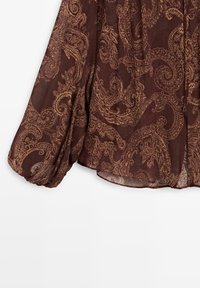 Blusa color marsala con un motivo paisley dorato. Tessuto leggero e semitrasparente con un aspetto fluido e maniche a palloncino arricciate.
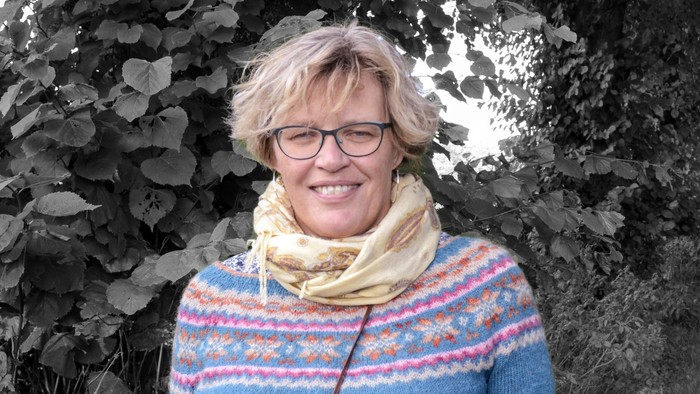 En person med briller, en farverig sweater og et tørklæde står på en løvfyldt, snoet landevej.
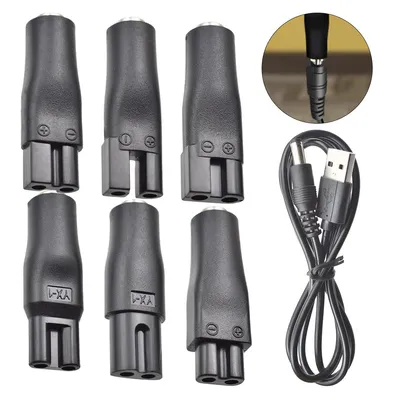 A collection of black USB adapters and cables arranged on a white background.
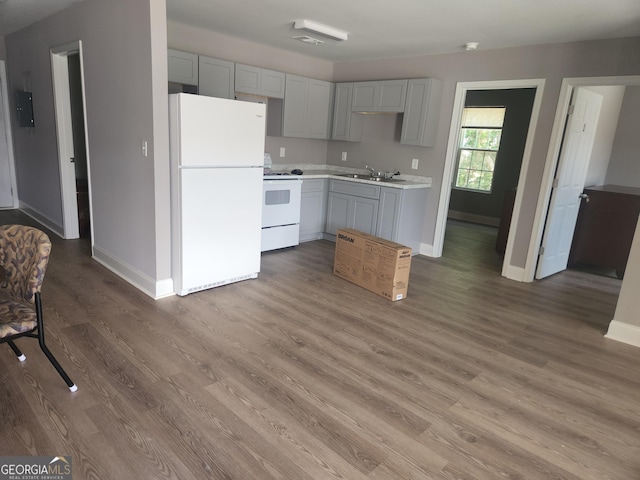 106 Ronald Pride Blvd, Fort Valley, GA 31030 - kitchen with white appliances, gray cabinets, light countertops, and wood finished floors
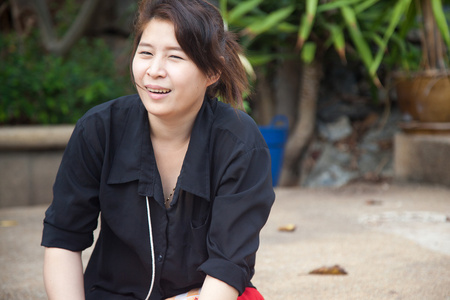 亚洲女性黑衬衫。坐在草坪上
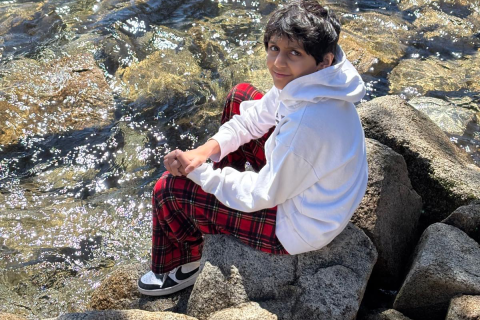 A boy sits on rocks along the water.
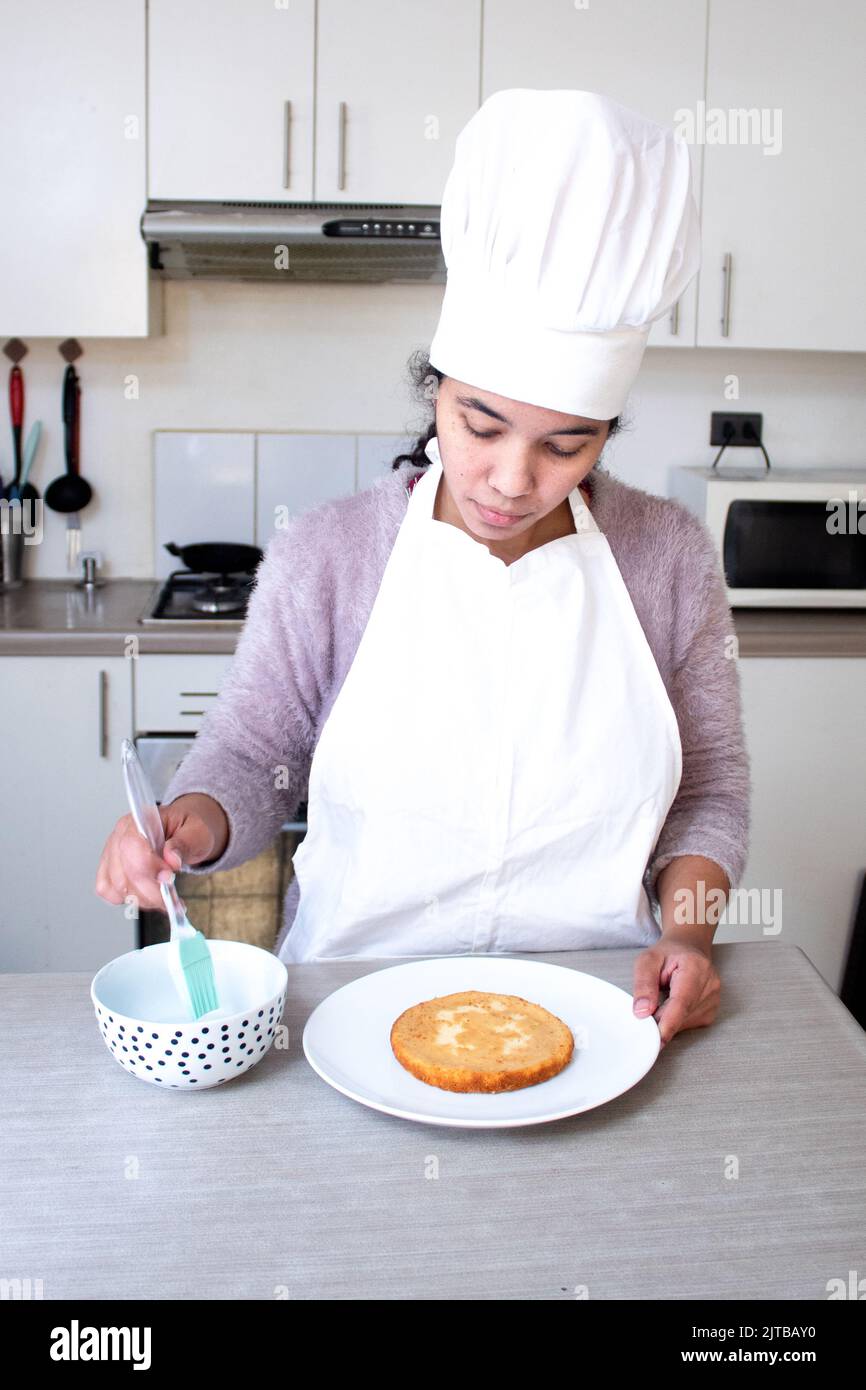 Chef making a cake Stock Photo Alamy
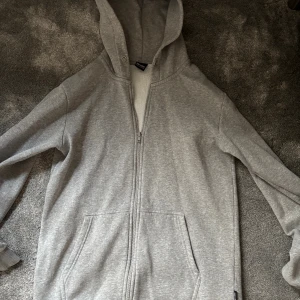 Grå hoodie med dragkedja Only & Sons - Grå hoodie från Only & Sons med hel dragkedja framtill och två stora fickor. Tröjan har huva med snörhål och är tillverkad i mjuk bomullsblandning. Perfekt för chill dagar och enkel att matcha med det mesta. Skicket är 9/10, använd fåtal gånger! 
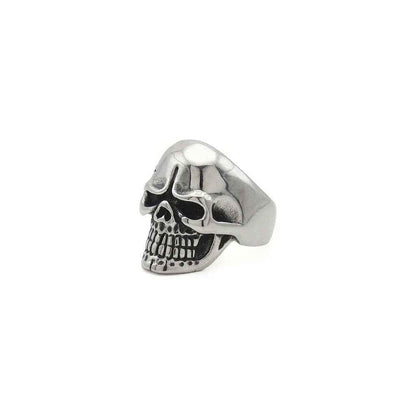 Stainless steel skull ring with tribal pattern from Glitters, showcasing detailed design and polished finish.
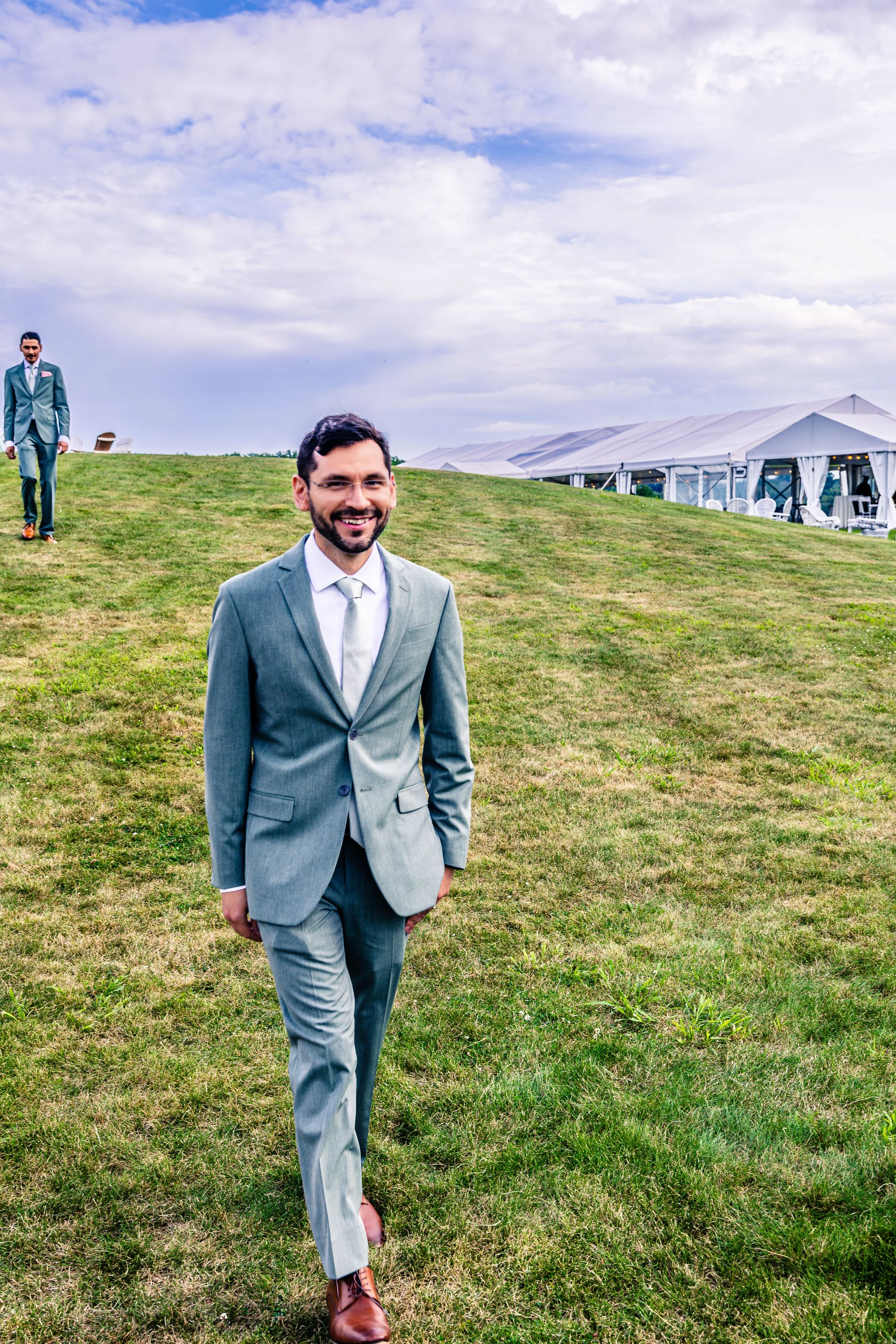 Man in a gray suit walking on a grassy field with another man in a suit in the background near a white tent.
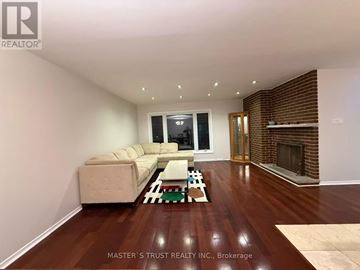 Toronto (Hillcrest Village) apartment for rent - A living room with a couch and a fireplace.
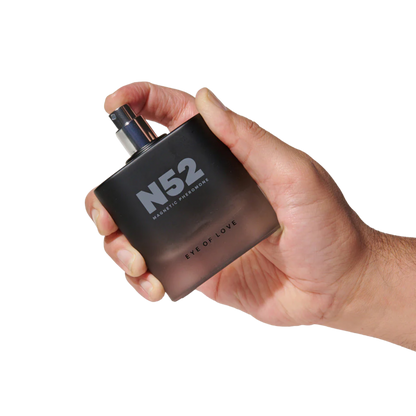 A hand holding a black bottle of N52 Magnetic Pheromone Cologne by Eye of Love.
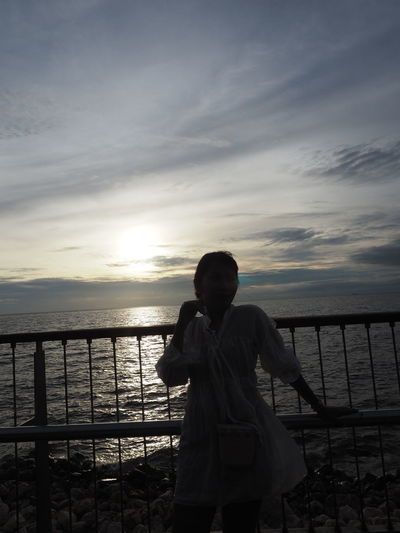 Man standing on railing against sea during sunset
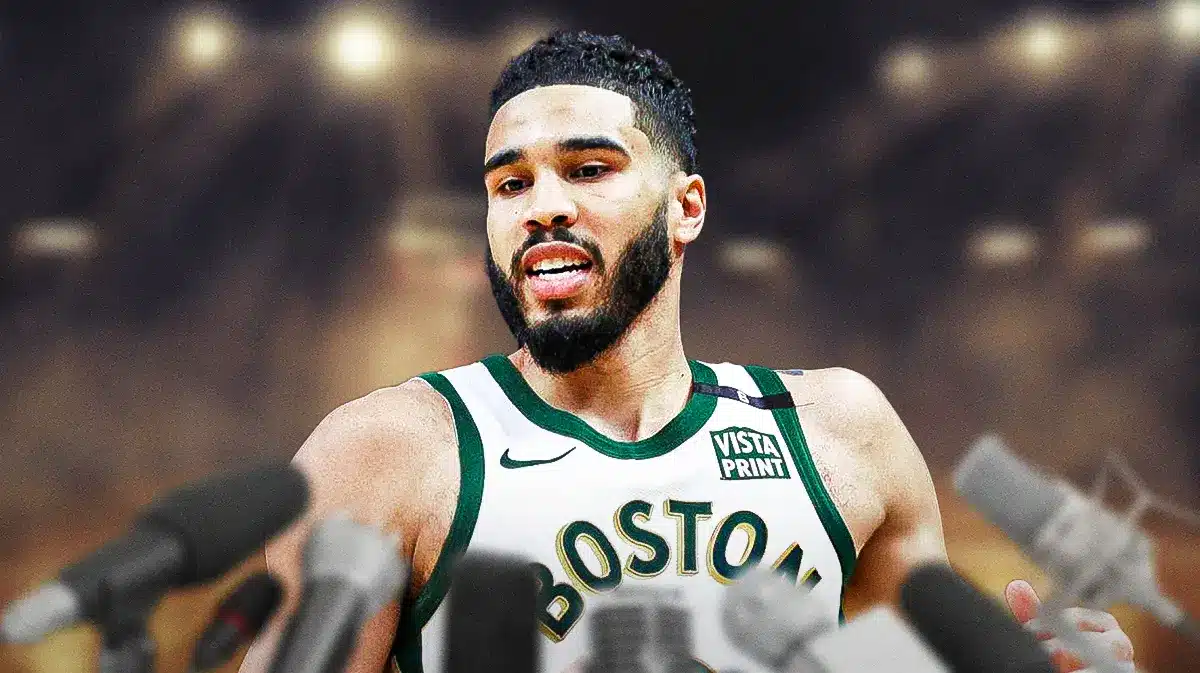 Boston Celtics forward Jayson Tatum with a microphone in front of him.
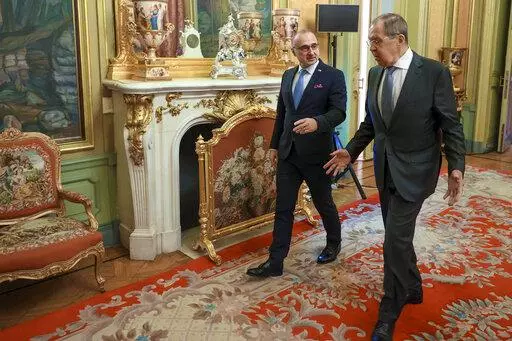In this photo provided by the Russian Foreign Ministry Press Service, Russia's Foreign Minister Sergey Lavrov, right, and Croatia's Foreign Minister Gordan Grlic Radman walk together ahead of their talks in Moscow, Russia, Monday, Jan. 17, 2022. (Russian Foreign Ministry Press Service via AP)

★ ★ ★ ★ ★ ★ ★

**What needs to be done**
The reply should hold the lines from the top of the records through the line containing "A boy sits on rocks along the water.", reproduced exactly, and no pictures.

**Answer**
 Blusa color marsala con un motivo paisley dorato. Tessuto leggero e semitrasparente con un aspetto fluido e maniche a palloncino arricciate.
 En person med briller, en farverig sweater og et tørklæde står på en løvfyldt, snoet landevej.
 A collection of black USB adapters and cables arranged on a white background.
 106 Ronald Pride Blvd, Fort Valley, GA 31030 - kitchen with white appliances, gray cabinets, light countertops, and wood finished floors
 亚洲女性黑衬衫。坐在草坪上
 A boy sits on rocks along the water.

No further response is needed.